Write each line of the material exactly as given, from the top through the line that contains "Mandatory maintenance", and omit all pictures.

▬▬▬▬▬▬

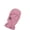 Pink, variant on TELOLY Ski Mask,Three-Hole Breathable Design Ski Mask for Men,Suitable for Carrying Around Full Face Mask,Pink
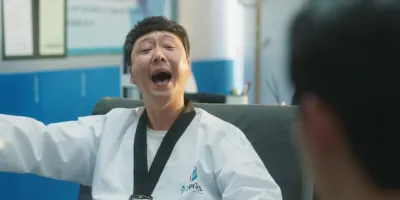 E6.Episode #1.6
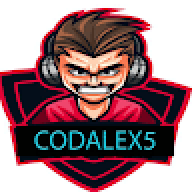 CODALEX5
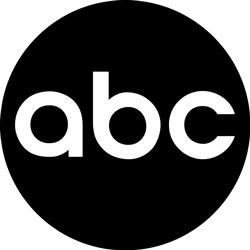 abc_logo2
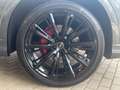 Audi Q8 50 TDI quattro tiptronic competition pl. Gris - thumbnail 9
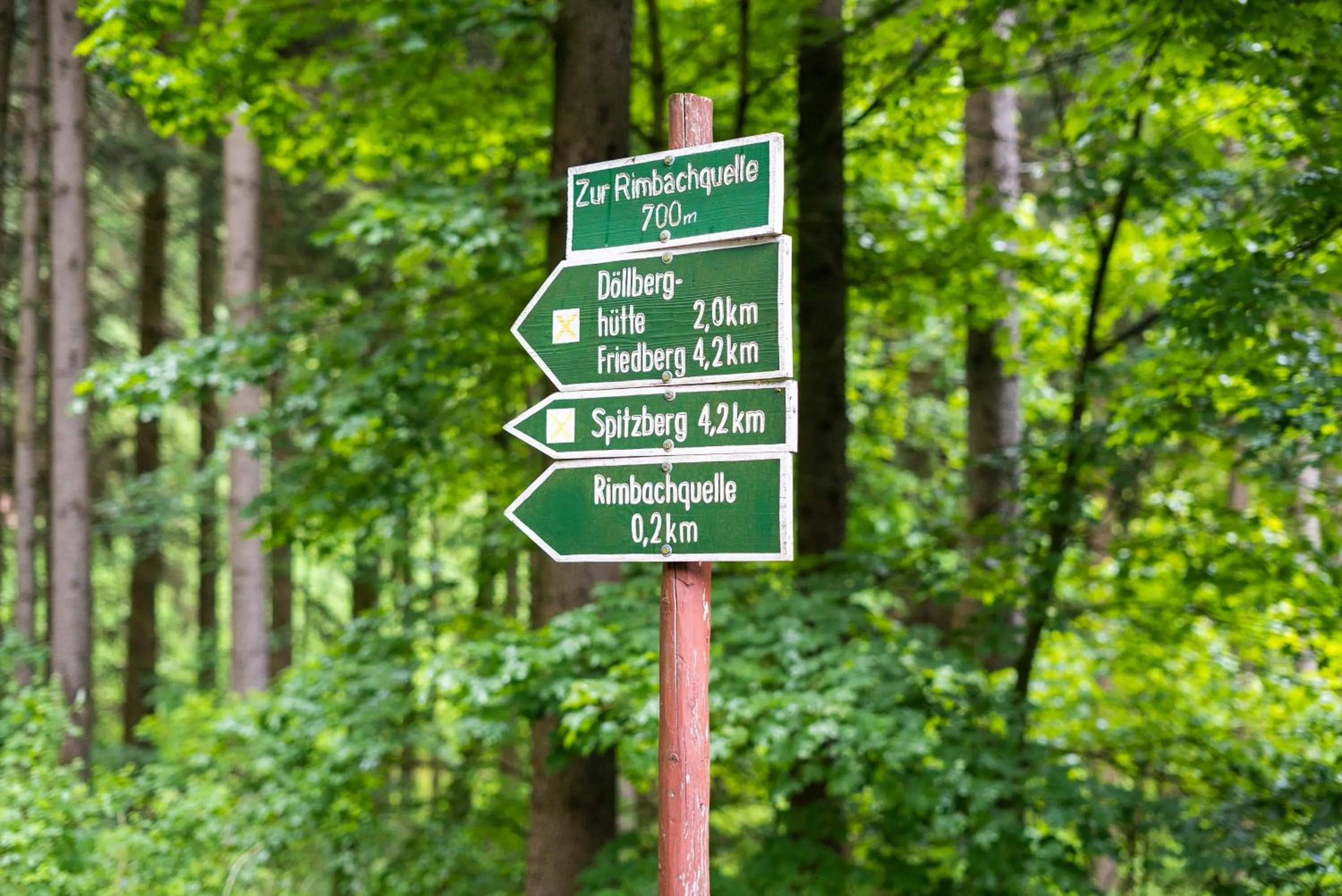 Other in HVD Grand Hotel Suhl Business & Leisure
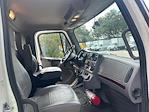 Used 2022 Freightliner M2 106 Conventional Cab Morgan Truck Body Box Truck with Liftgate for sale #419562 - photo 22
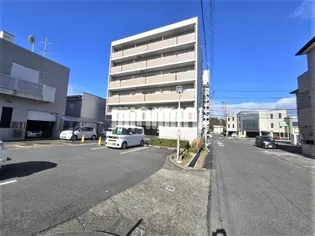 ムーブル エストの画像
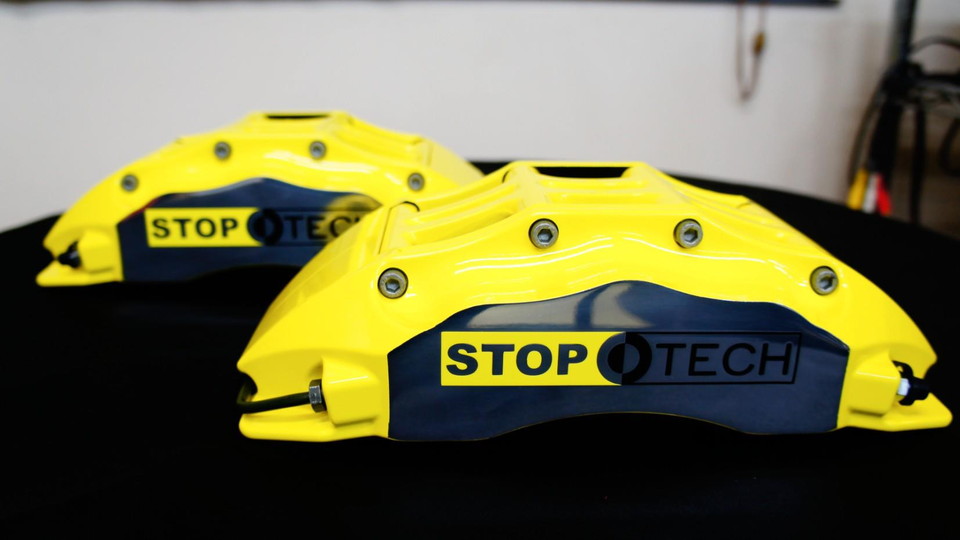 キャリパー塗装施工事例：STOP TECHブレーキ CPJオリジナルカラーリング＆表面ハイポリッシュ加工 IMG26_770_4o3MFx_sub1.jpg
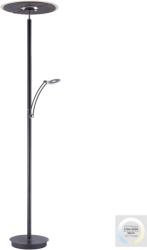Neuhaus Lighting Group modern állólámpa artur antracit pln673-13 (673-13)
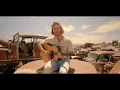 Evan Honer - idk shit about cars (Official Music Video)
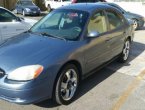 2001 Ford Taurus under $3000 in Washington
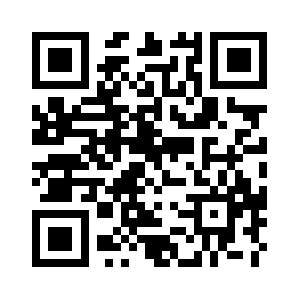 Goodforwhatailsyou.net QR code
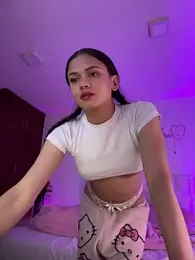 alee_lenoxx — stripchat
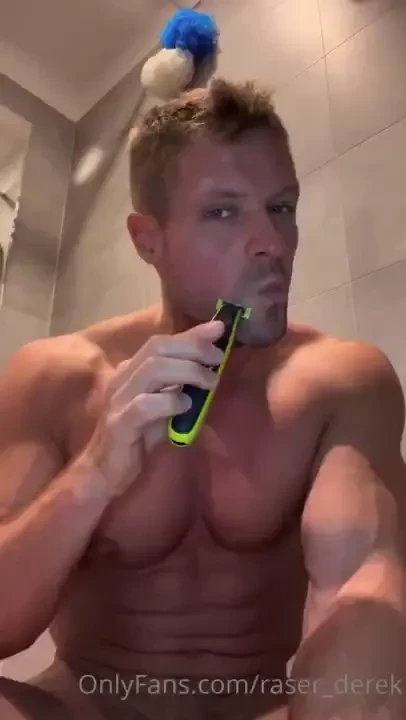 Mandatory maintenance 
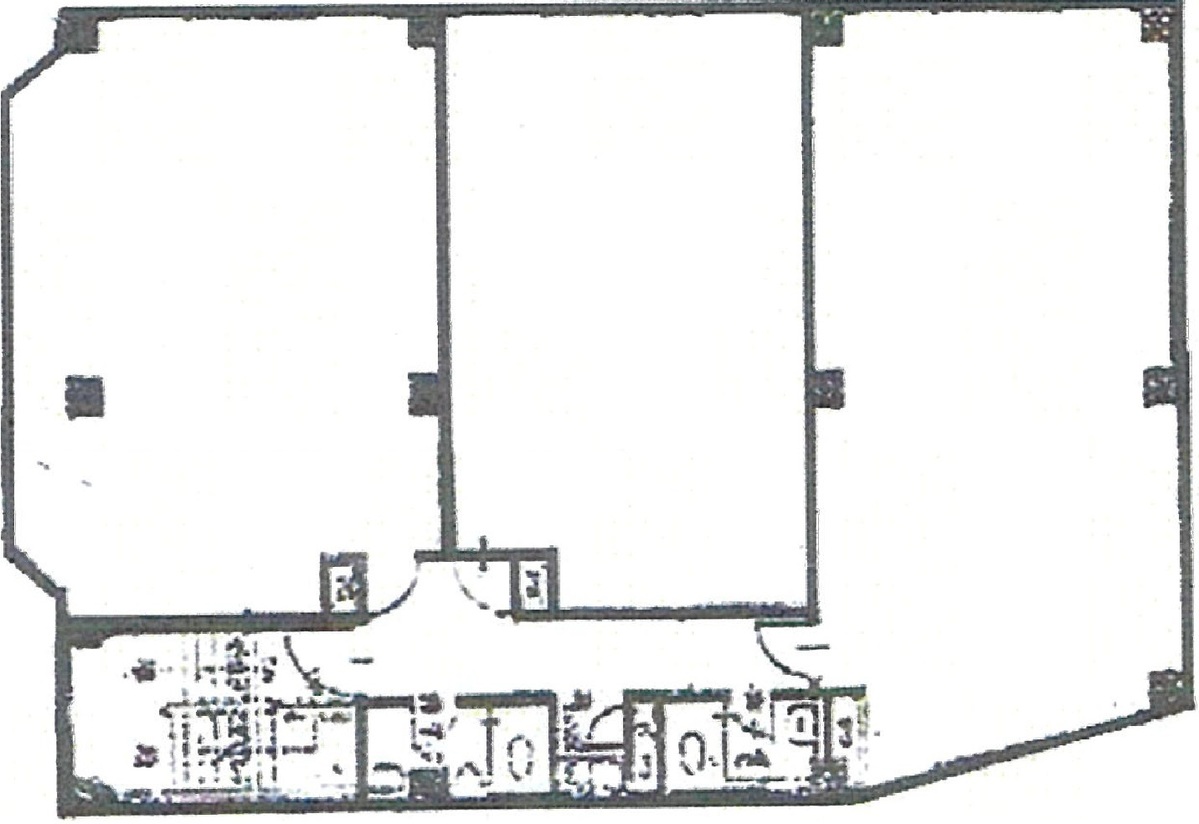 fresh/building/J00100407064_18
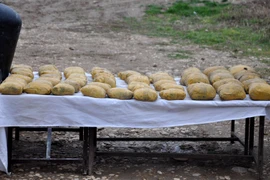 Liên hợp quốc cảnh báo Taliban móc nối với tội phạm có tổ chức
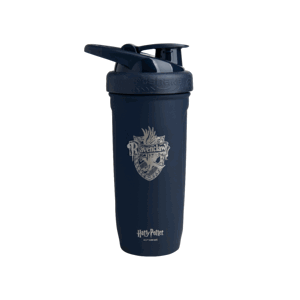 Šejkr Reforce Ravenclaw 900 ml - SmartShake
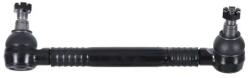 S-TR Brat/Bieleta Suspensie, Stabilizator Axa Fata Stanga Str-90904 Scania Irizar Pb (STR-90904)
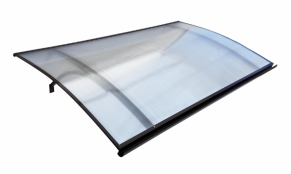 Nojume L-160 STARKEDACH, izliekta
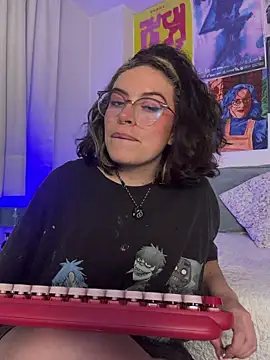 katheerine (F young) - 🌸TAKE OFF MY PANTIES🌸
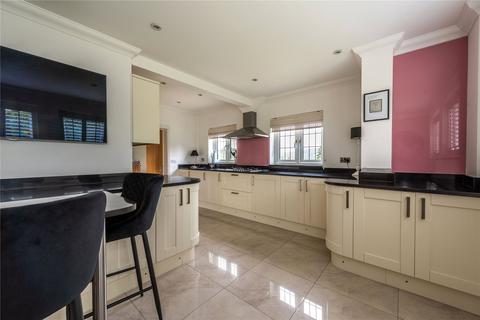 5 bedroom detached house for sale, Deepdene Park Road, Dorking, Surrey, RH5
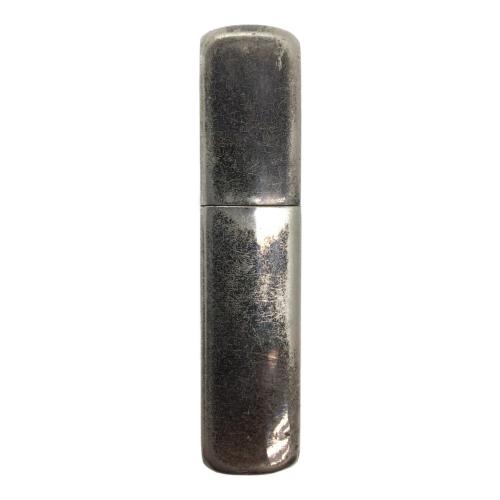 ZIPPO(ジッポ) D 02 ルパン三世 2002年製
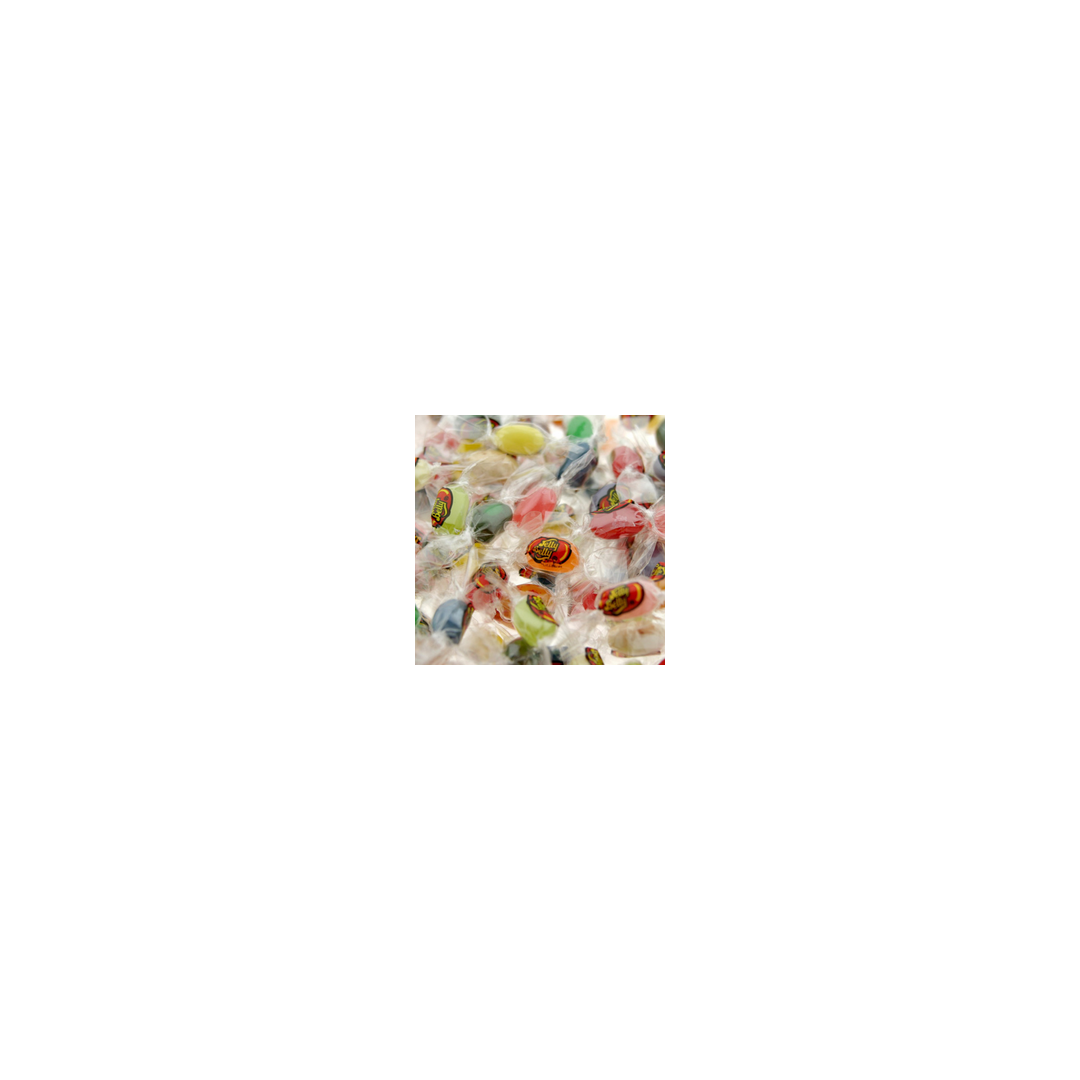 jelly_belly_assorted_flavors_pic_01.jpg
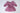 KNIPkids 2306-01 jurk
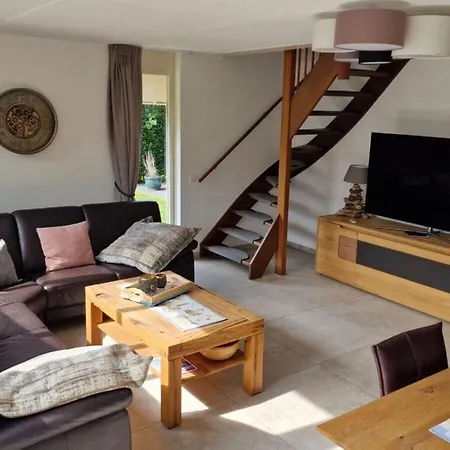 Vision Comfortable *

▬▬▬▬▬▬

• Answer below:
 Pink, variant on TELOLY Ski Mask,Three-Hole Breathable Design Ski Mask for Men,Suitable for Carrying Around Full Face Mask,Pink
 E6.Episode #1.6
 CODALEX5
 abc_logo2
 Audi Q8 50 TDI quattro tiptronic competition pl. Gris - thumbnail 9
 Other in HVD Grand Hotel Suhl Business & Leisure
 Used 2022 Freightliner M2 106 Conventional Cab Morgan Truck Body Box Truck with Liftgate for sale #419562 - photo 22
 ムーブル エストの画像
 キャリパー塗装施工事例：STOP TECHブレーキ CPJオリジナルカラーリング＆表面ハイポリッシュ加工 IMG26_770_4o3MFx_sub1.jpg
Neuhaus Lighting Group modern állólámpa artur antracit pln673-13 (673-13)
 Evan Honer - idk shit about cars (Official Music Video)
 2001 Ford Taurus under $3000 in Washington
 Goodforwhatailsyou.net QR code
 alee_lenoxx — stripchat
 Mandatory maintenance 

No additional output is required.